*Activity*
Repeat the data exactly. Pictures are not part of the copy.

*Source data*
********

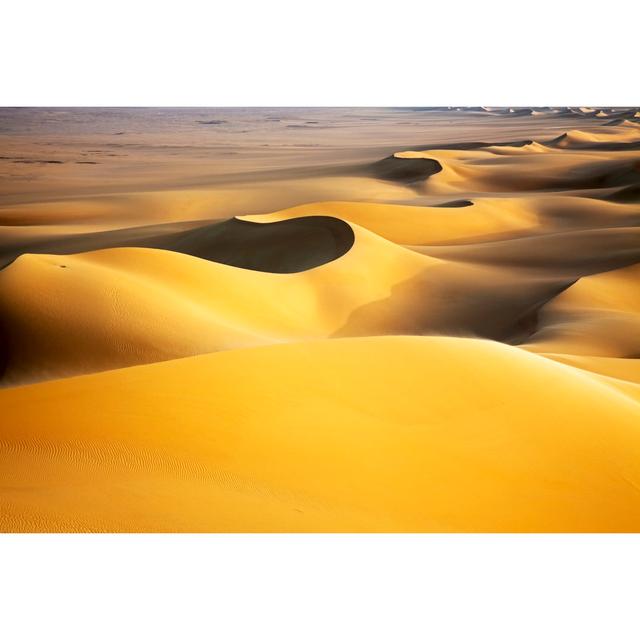 Sand Dunes At Sunrise by Lucynakoch - Print Natur Pur Size: 80cm H x 120cm W on Productcaster.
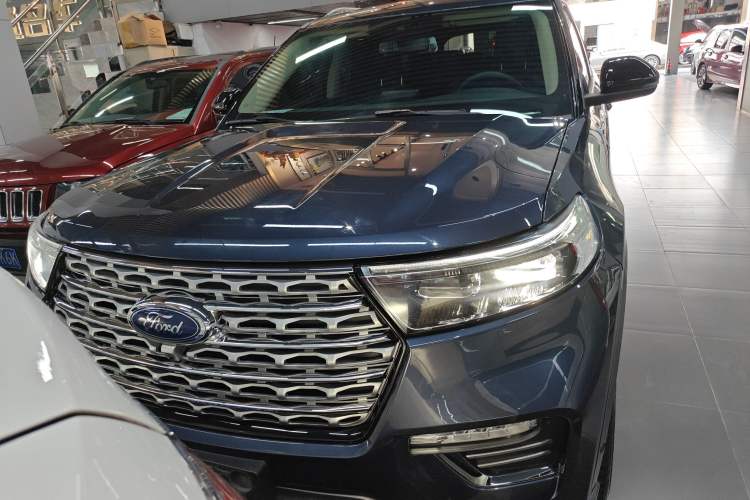 Used Ford Explorer 2020 EcoBoost 285 4x4 Titanium Edition 7-Seater

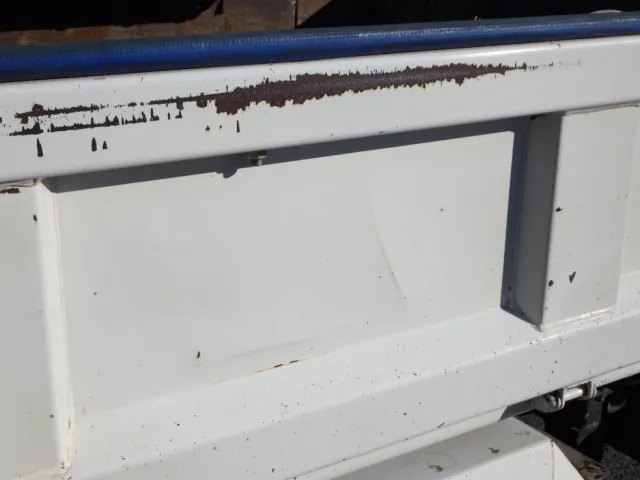 ボディーの両サイドにキズ・サビ・凹凸があります。|日野 デュトロ TKG-XZU620T(2WD)の写真36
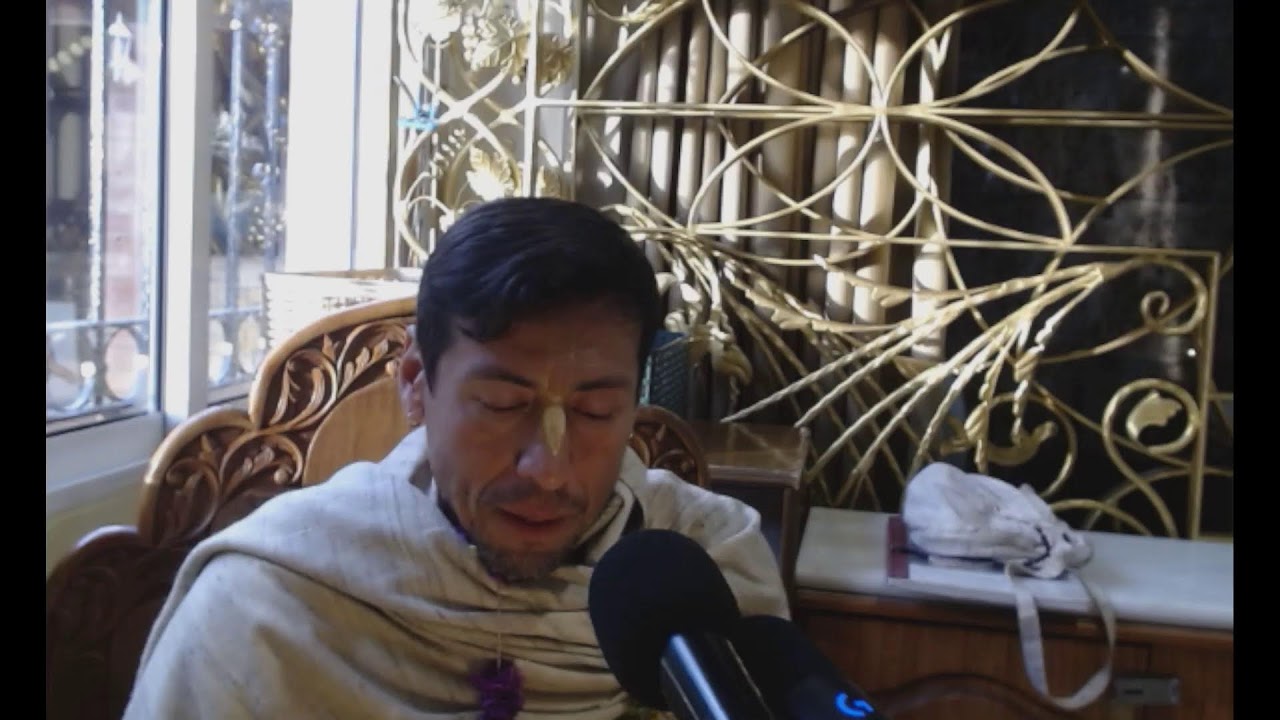 CC Ādi-līlā 6.112, por Parama Karuna prabhu.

********

*Exercise output*
 Sand Dunes At Sunrise by Lucynakoch - Print Natur Pur Size: 80cm H x 120cm W on Productcaster.
 Used Ford Explorer 2020 EcoBoost 285 4x4 Titanium Edition 7-Seater

 ボディーの両サイドにキズ・サビ・凹凸があります。|日野 デュトロ TKG-XZU620T(2WD)の写真36
 CC Ādi-līlā 6.112, por Parama Karuna prabhu.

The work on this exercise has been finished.